I’ve been at UChcigao for long enough now to really know about our organization. I often tell people one of the perks of being in the CIO chair is the opportunity to learn the organization in a very complete way. Having to help the leaders across ITS solve problems has made me learn the complete functioning of the team and it has given me a very good idea of who we are as an organization. I’m sure most of us can talk about what our make-up is — we know we are 265 or so people who work together. But I wonder if we actually know and understand that we are also much stronger together?
Yesterday I was at a session at the EDUCAUSE Connect Chicago event where the presenter was talking about how he had implemented a skill inventory for his organization. What was interesting to me is that he went further and added the idea of an “internet inventory” so people could indicate how interested they were in various skills. It produced some interesting results and lots of good follow up conversation. When I asked how big his group was he told me it was under 25, so naturally my next questions was how does it scale to something like ITS’s size?
I asked that not to make sure he knew our organization is bigger than his, it is because one of the things I see everyday in ITS is that we so often don’t take advantage of the intellectual strength we have as a collective. What I mean is that I see parts of our organization struggle deeply with solving a problem or delivering a creative solution because they think they are going it alone and they don’t know there are people in other parts of ITS who have the answers to their own questions. We have to stop that and learn about our collective strength, not just our individual skills. We need to lean on that.

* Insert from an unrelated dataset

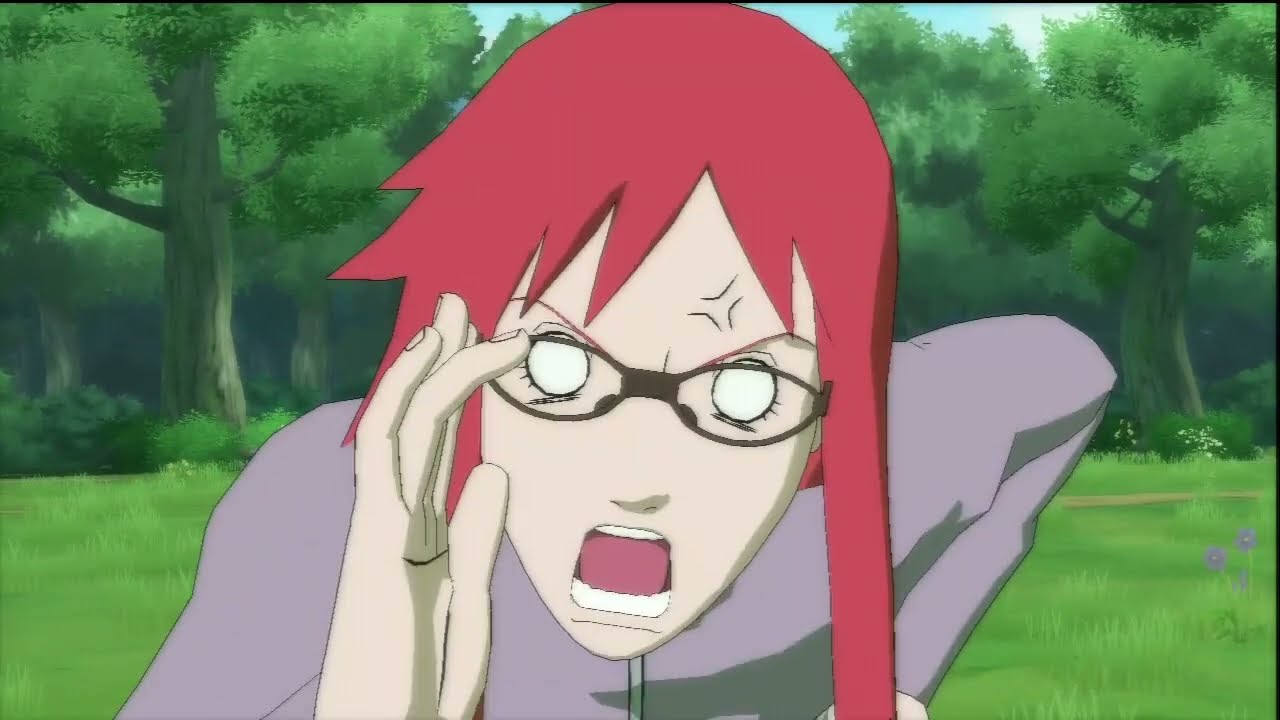 Naruto Ninja Storm 2 - Sakura VS Karin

Related to the skill and interest assessment question is that in an organization the size of ITS I do not believe members of our team really know about other parts of the org. For example, I could easily see someone rate themselves very highly as a developer, but have little interest in applying it in the context they are currently in and getting down and frustrated not knowing they can apply that same skill in a totally different part of the organization. You need to take the time to know what we do from one side of the house to the other and understand that there are novel contexts to do your work. If you don’t know what someone in ASTS does, take a minute and find out. One, you may realize you want to do work in an area that focuses on something different. And, two, you might find the person who will help solve that next problem you are going to encounter.
I feel like ITS is at its strongest when we learn enough about each other that we are willing to lean in together. And leaning in together often means leaning on someone to get to where we need to be.